◆ **RECORDED DATA**:
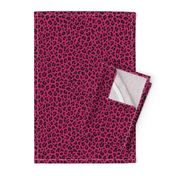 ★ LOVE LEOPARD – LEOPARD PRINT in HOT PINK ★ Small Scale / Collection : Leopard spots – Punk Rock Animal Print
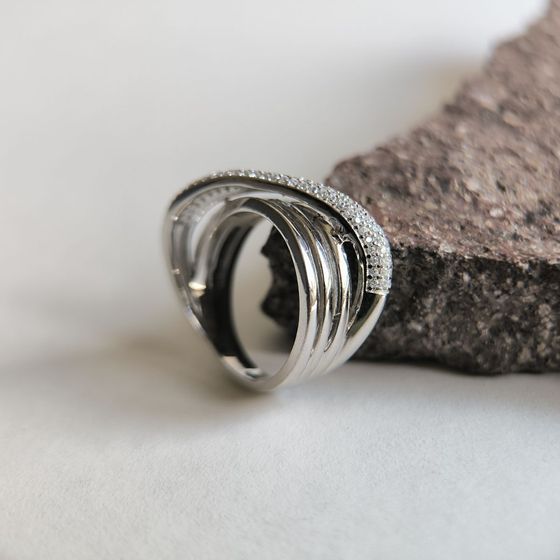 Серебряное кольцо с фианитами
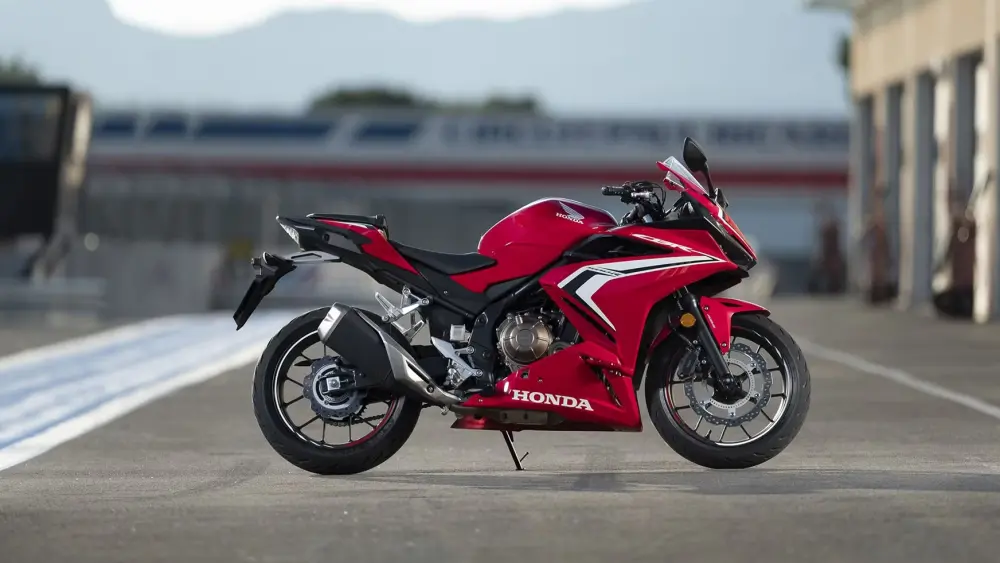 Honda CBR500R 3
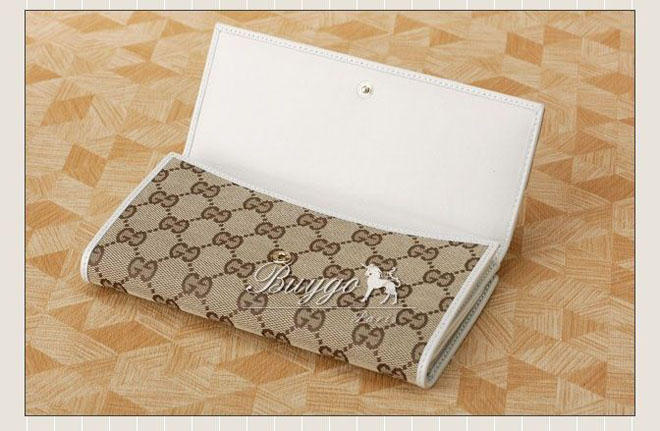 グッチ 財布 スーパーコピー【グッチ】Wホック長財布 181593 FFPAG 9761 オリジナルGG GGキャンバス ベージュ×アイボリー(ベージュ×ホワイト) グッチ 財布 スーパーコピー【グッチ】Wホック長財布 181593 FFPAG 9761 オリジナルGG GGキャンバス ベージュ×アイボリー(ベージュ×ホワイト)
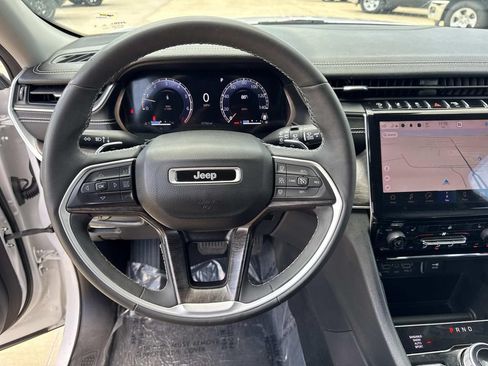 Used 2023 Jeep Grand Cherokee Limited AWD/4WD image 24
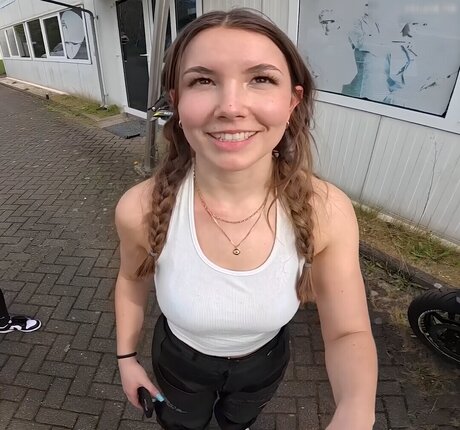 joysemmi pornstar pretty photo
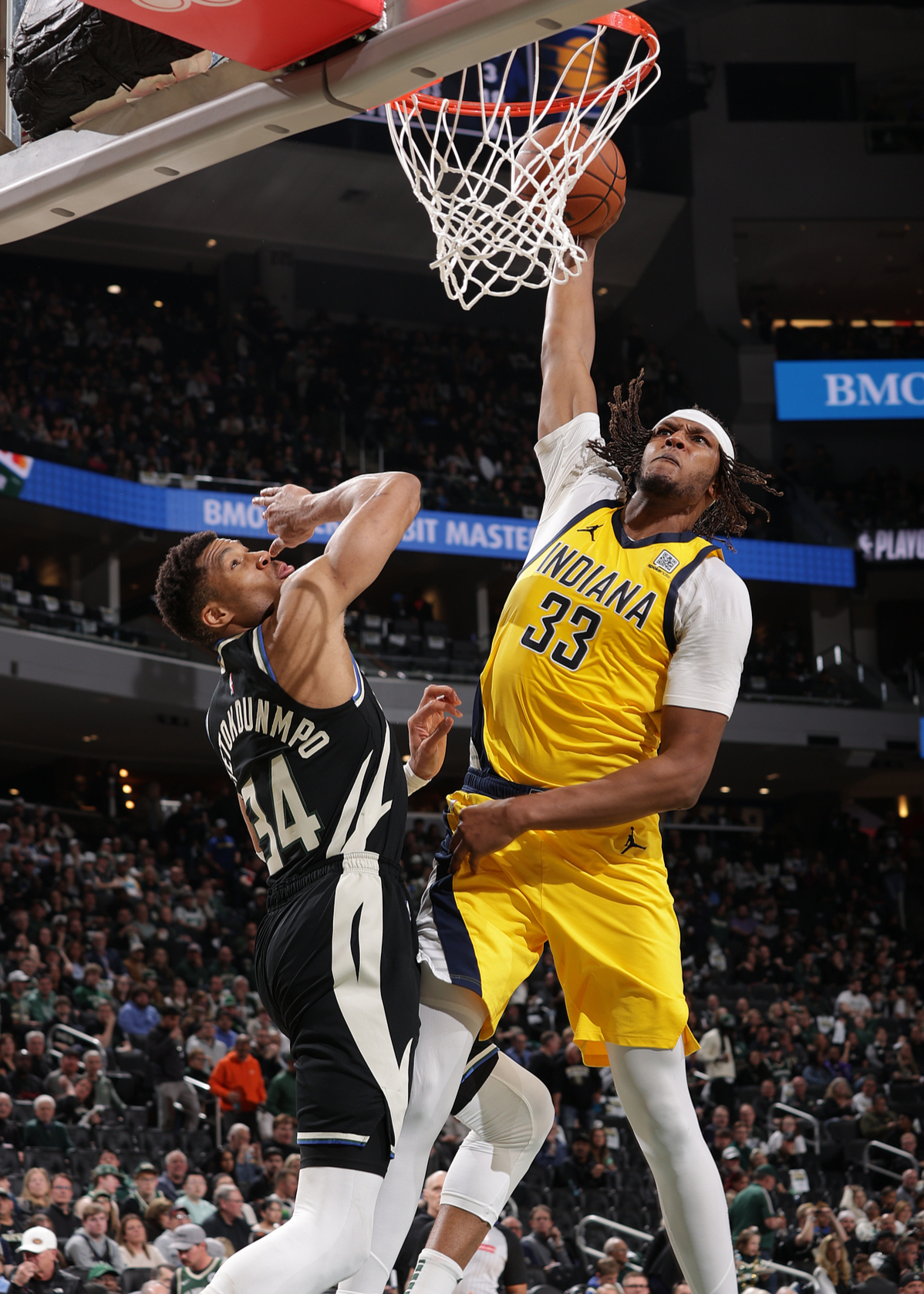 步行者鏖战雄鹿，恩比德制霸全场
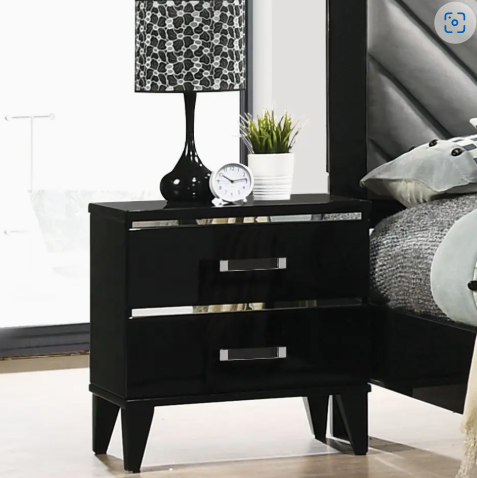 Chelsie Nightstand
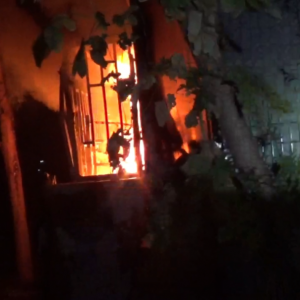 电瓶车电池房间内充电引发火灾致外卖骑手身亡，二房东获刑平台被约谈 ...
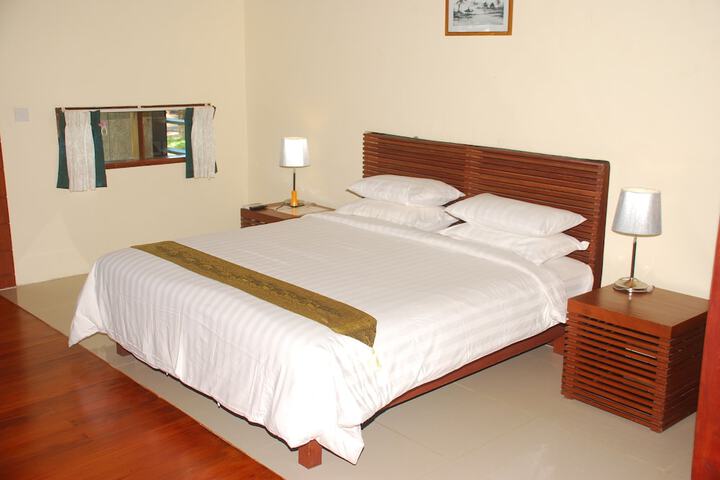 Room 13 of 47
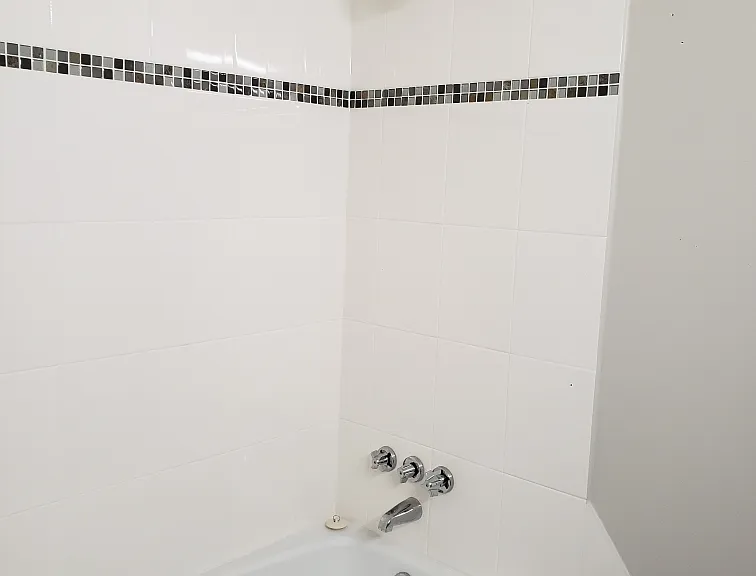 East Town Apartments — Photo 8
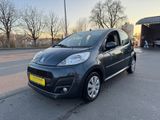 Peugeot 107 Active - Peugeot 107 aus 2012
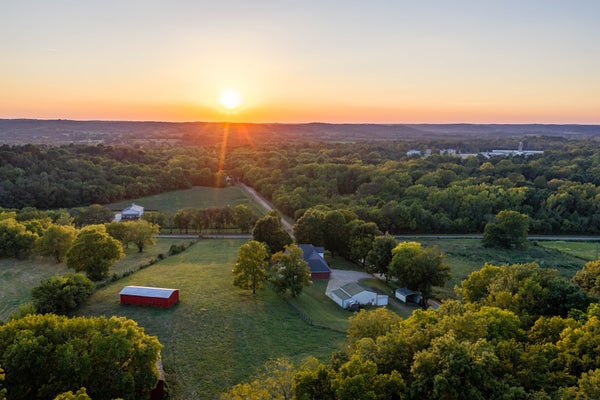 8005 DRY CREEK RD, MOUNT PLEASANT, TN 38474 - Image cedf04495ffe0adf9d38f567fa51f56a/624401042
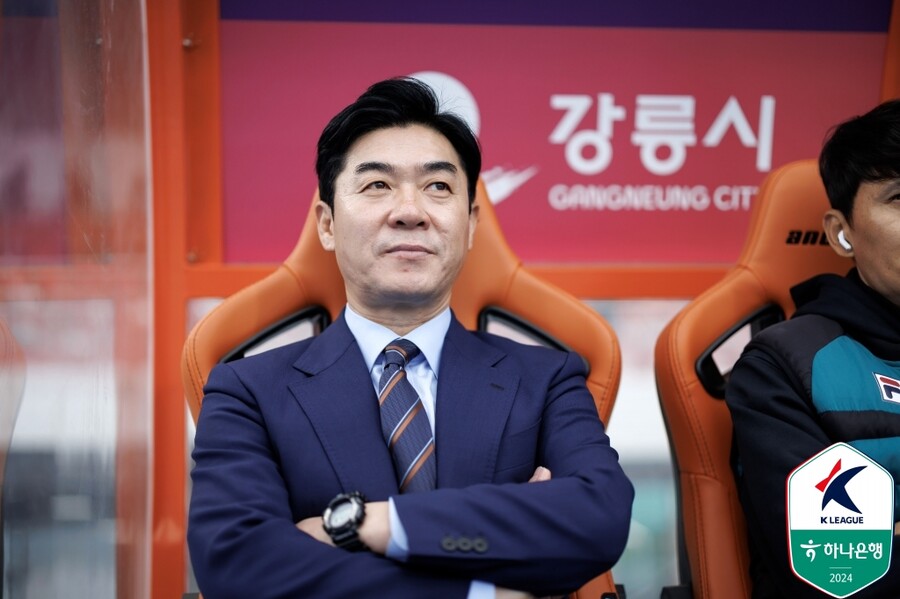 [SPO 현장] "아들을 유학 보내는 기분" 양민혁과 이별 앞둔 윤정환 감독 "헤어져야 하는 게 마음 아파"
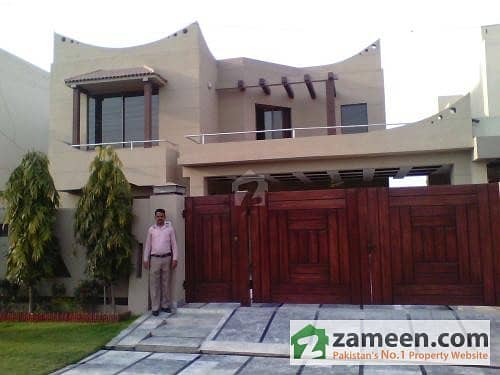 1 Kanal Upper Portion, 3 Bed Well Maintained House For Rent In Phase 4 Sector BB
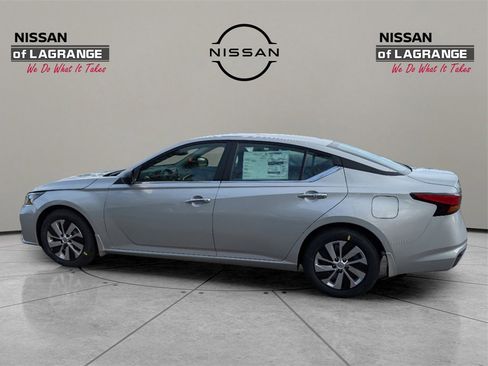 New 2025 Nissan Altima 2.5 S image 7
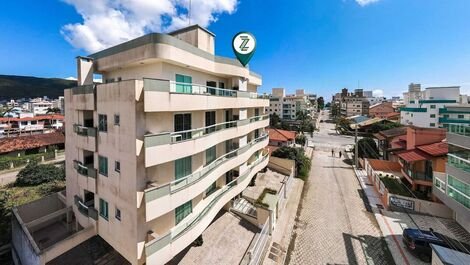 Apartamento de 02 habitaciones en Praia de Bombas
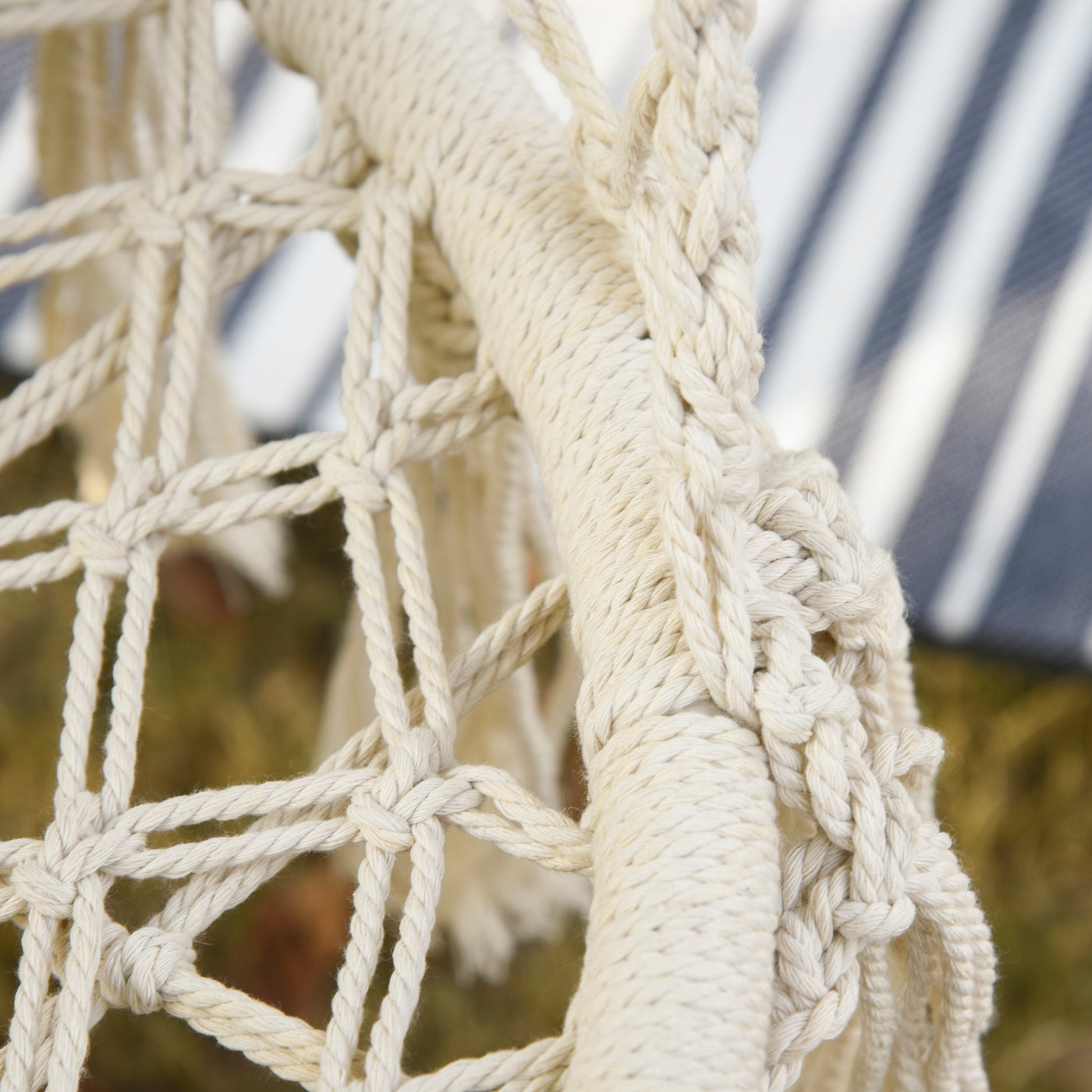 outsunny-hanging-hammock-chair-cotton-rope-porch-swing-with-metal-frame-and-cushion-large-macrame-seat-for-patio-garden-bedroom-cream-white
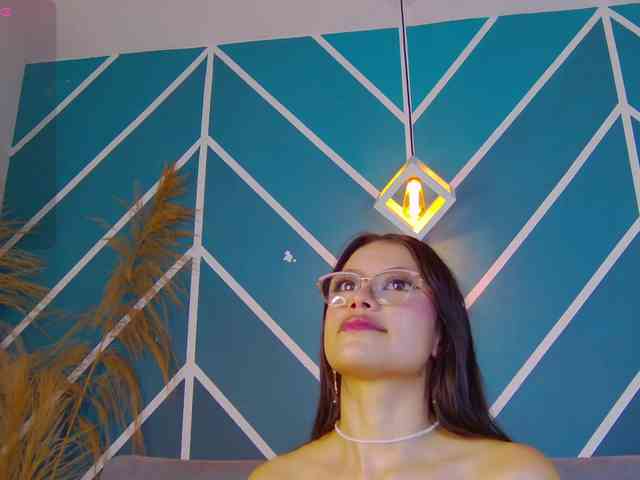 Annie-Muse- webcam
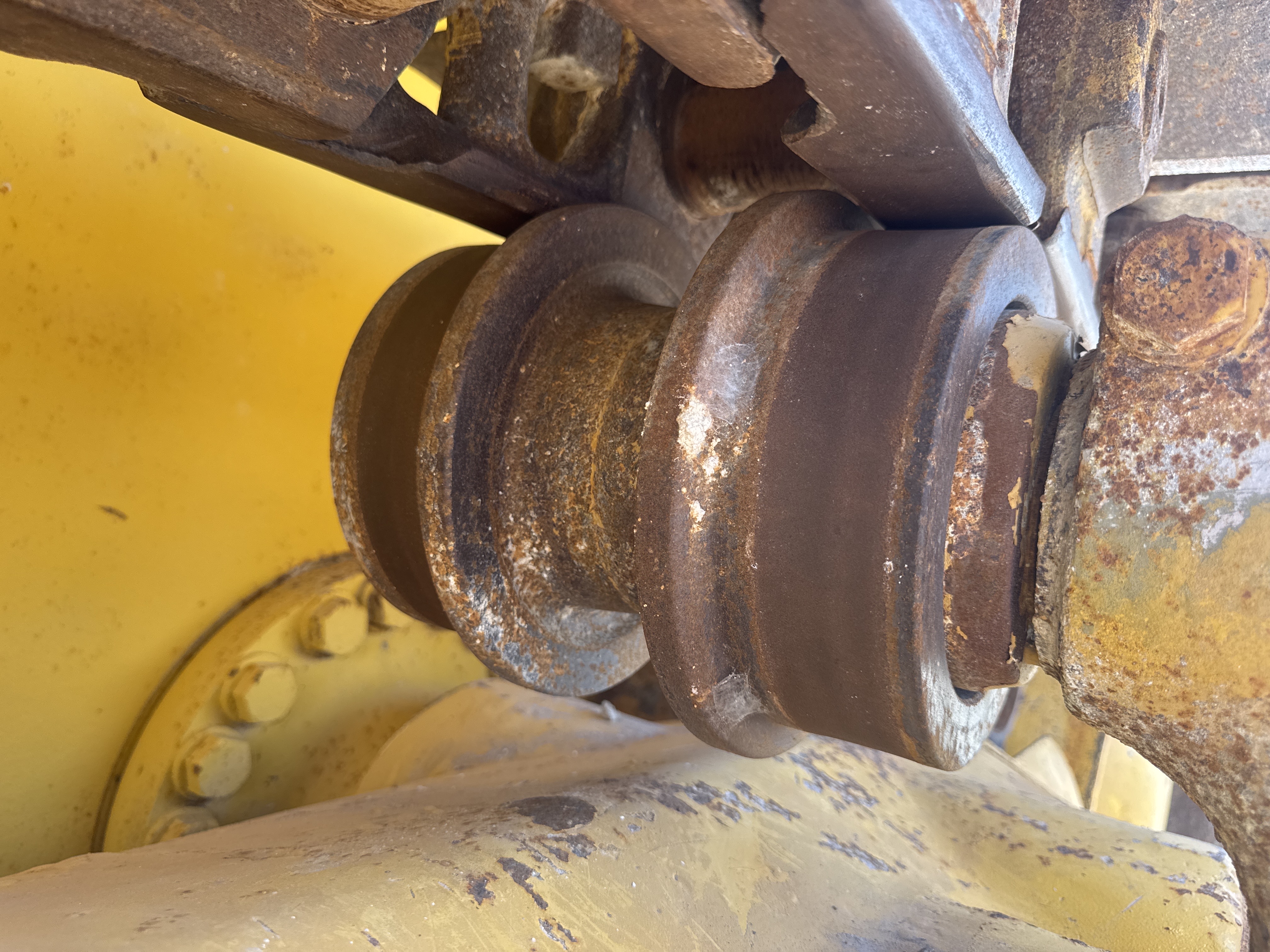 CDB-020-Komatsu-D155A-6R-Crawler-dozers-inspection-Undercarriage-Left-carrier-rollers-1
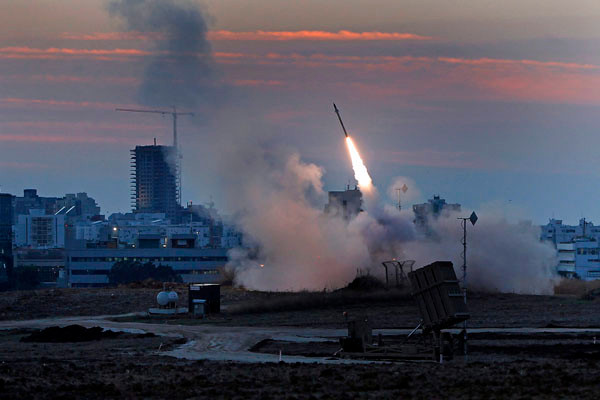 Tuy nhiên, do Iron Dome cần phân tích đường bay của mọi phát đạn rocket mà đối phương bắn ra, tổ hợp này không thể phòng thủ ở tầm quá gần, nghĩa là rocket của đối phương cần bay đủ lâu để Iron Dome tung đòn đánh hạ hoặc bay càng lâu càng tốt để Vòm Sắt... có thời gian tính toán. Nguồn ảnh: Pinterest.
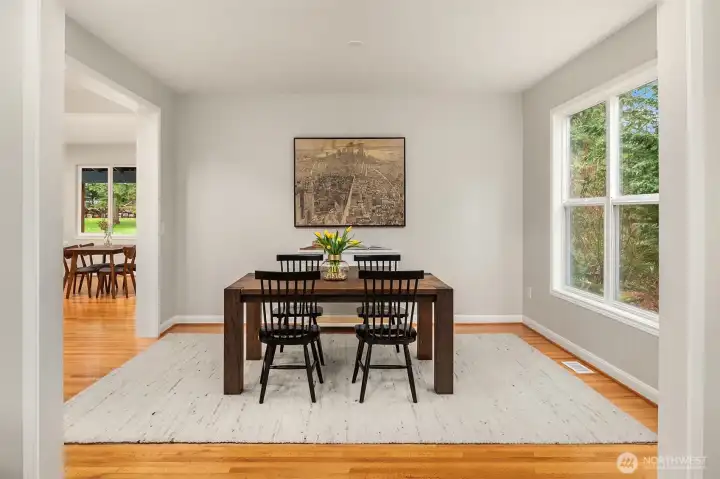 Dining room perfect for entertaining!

◆ **HOW TO COMPLETE THIS TASK**:
After locating "GGキャンバス ベージュ×アイボリー(ベージュ×ホワイト) グッチ" and "East Town Apartments — Photo 8" in the records above, return exactly the line holding each one and every line between them; leave out the pictures.

◆ **FINISHED EXERCISE**:
 グッチ 財布 スーパーコピー【グッチ】Wホック長財布 181593 FFPAG 9761 オリジナルGG GGキャンバス ベージュ×アイボリー(ベージュ×ホワイト) グッチ 財布 スーパーコピー【グッチ】Wホック長財布 181593 FFPAG 9761 オリジナルGG GGキャンバス ベージュ×アイボリー(ベージュ×ホワイト)
 Used 2023 Jeep Grand Cherokee Limited AWD/4WD image 24
 joysemmi pornstar pretty photo
 步行者鏖战雄鹿，恩比德制霸全场
 Chelsie Nightstand
 电瓶车电池房间内充电引发火灾致外卖骑手身亡，二房东获刑平台被约谈 ...
 Room 13 of 47
 East Town Apartments — Photo 8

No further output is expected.